Le 30 septembre 1994. Télémédia et Radiomutuel annonçaient la fusion de leurs réseaux AM et la création du réseau Radiomédia. Six stations fermaient de ce fait leurs portes : CJMS 1280 Montréal, CJRP 1060 Québec, CKCH 970 Hull/Ottawa, CJRS 1510 Sherbrooke, CJTR 1140 Trois-Rivières et CJMT 1420 Chicoutimi.
Je me souviens encore de l'événement comme si c'était hier. C'est ma mère qui m'avait appris la nouvelle après une longue journée d'école. Je me serais fait dire que Coke fusionnait avec Pepsi et je n'aurais pas été plus surpris ! Mes parents n'en revenaient pas eux non plus...
En route vers mon cours de piano, nous nous étions arrêtés dans le stationnement d'un restaurant McDonald's pour écouter les derniers moments de CJMS 1280. La station diffusait de la musique en continu depuis l'annonce de la fusion plus tôt le matin, et un message pré-enregistré diffusé assez régulièrement remerciait les auditeurs et les redirigeait vers CKAC.
À 18 heures précises la musique s'est tue... après deux secondes de silence, la lumière «stéréo» s'est éteinte... et une seconde plus tard, l'émetteur était fermé. Au cours des secondes suivantes un poste hispanophone de New York se fait vaguement entendre.
CJMS -- l'original, le seul vrai et unique, n'en déplaise à une certaine station de Saint-Constant -- était officiellement mort.
Mes parents et moi n'étions pas des auditeurs particulièrement assidus de CJMS. Notre écoute se limitait essentiellement aux «weekends rock n' roll» de Gaétan Bacon la fin de semaine lors de promenades en voiture -- choix de mes parents à l'origine que j'avais vite appris à apprécier au fil du temps. Pour le reste nos préférences allaient plutôt à CKAC et surtout CKVL depuis le transfert de Pierre Pascau en 1990 et d'André Arthur en 1992. Mais nous étions tous fort tristes quand même de voir une institution fermer ses portes. Nous pensions tous les trois qu'au pire cette fusion allait solidifier les postes AM restants... et qu'au mieux quelqu'un lancerait un nouveau réseau avec les fréquences désertées par Radiomédia lorsque la récession prendrait réellement fin.

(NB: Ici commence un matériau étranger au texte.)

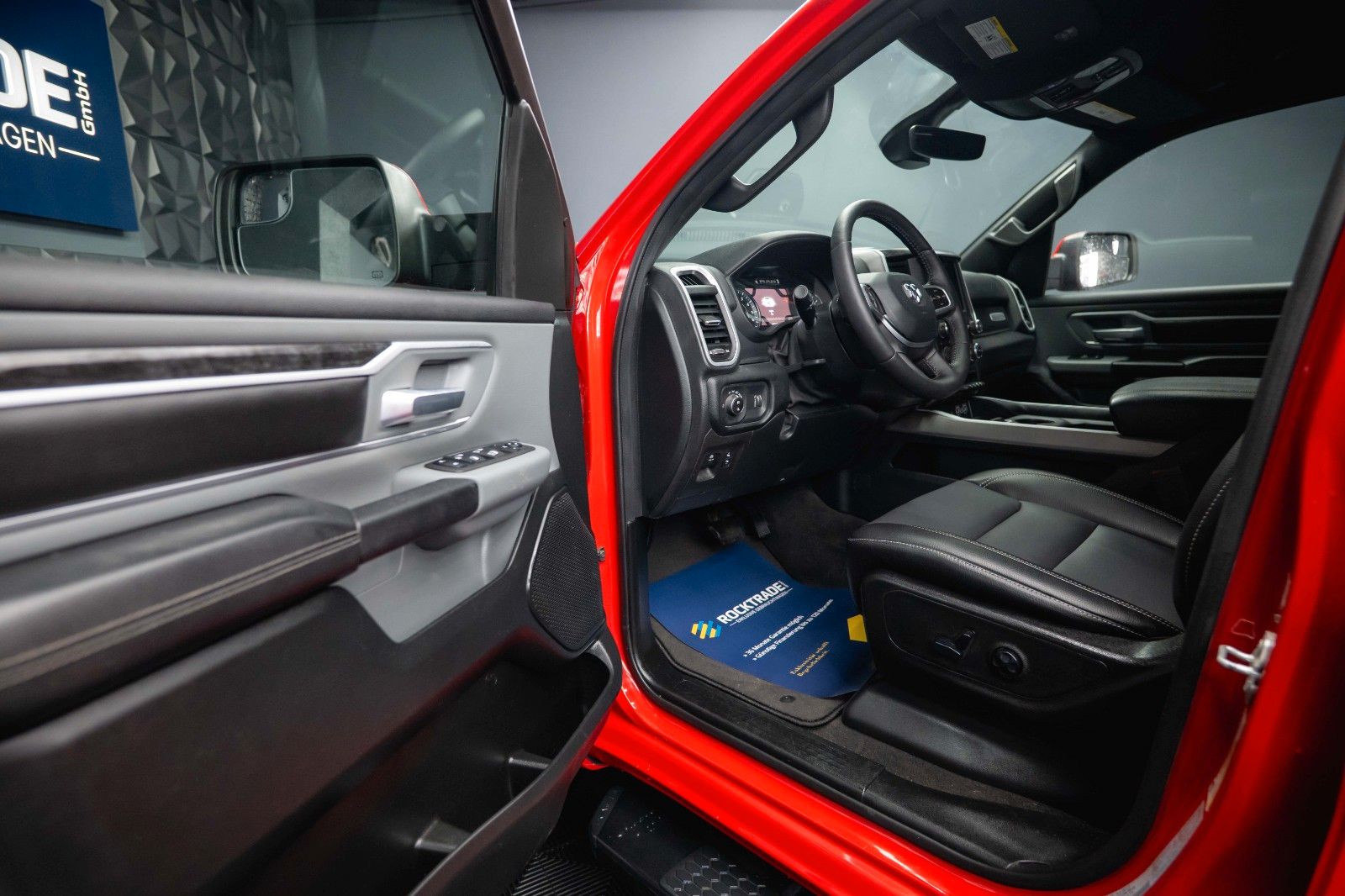 Fahrzeugabbildung Dodge RAM 5.7 V8 HEMI 4x4 OFFROAD Night-Paket *LED*19%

J'étais le plus triste de la famille... non pas à cause de mon intérêt pour les sujets abordés par la radio AM -- à l'époque synonyme de radio qui parle -- mais parce que j'avais déjà un intérêt pour la radio... un média tellement plus intéressant à mes yeux que la télévision, à tout le moins lorsque des gens talentueux sont embauchés et qu'on les laisse être compétents.
Avec le recul je m'aperçois que cette fusion qui était censée «sauver» la radio AM a plutôt marqué le début de la fin de celle-ci.
Moins de choix, moins de diversité, moins de raisons de l'écouter. Quand un magasin ferme dans un centre commercial, cela n'augmente en rien les recettes des autres. C'est particulièrement vrai lorsque le local du défunt magasin reste vide.
On nous annonçait un objectif de 900 000 auditeurs au nouveau CKAC, un genre de CJMS renouvelé à la fréquence 730 comme l'a déjà dit André Arthur, un genre de canette de Coke avec du Pepsi dedans pour continuer ma comparaison de la radio au monde des boissons gazeuses. Cet objectif n'a évidemment jamais été atteint.
On nous avait promis que l'information serait renforcée par une meilleure situation financière des propriétaires et on est maintenant rendus avec des bulletins de nouvelles pré-enregistrés qui font place à du direct seulement si de grosses nouvelles surviennent... et on adopte une définition bien restrictive de ce qu'est une «grosse nouvelle».
On nous avait dit que la fusion améliorerait la radio AM, la programmation parlée et la survie des stations restantes. Ce qui n'a pas été le cas.
Le marché francophone de Montréal a toujours eu un appétit marqué pour la radio parlée. Il est assez incroyable de constater qu'au fil des années suivant la fusion, on assisté à la conversion de CKVL en Info 690 et la conversion de CKAC en station «all-sports». Le secteur privé laisse la Première Chaîne de Radio-Canada prendre un grand nombre d'auditeurs qui ne l'auraient jamais écouté par le passé.
Encore aujourd'hui, lorsque j'entends la chanson «Tout va changer» de Michel Fugain, je ne peux m'empêcher de penser à CJMS 1280... c'était la toute dernière pièce que le poste avait joué.
La fusion a eu lieu en septembre -- en plein milieu des sondages BBM de l'automne -- et j'ai bien l'impression que la date de la fusion en dit très long sur les vraies intentions de ceux qui l'ont réalisée.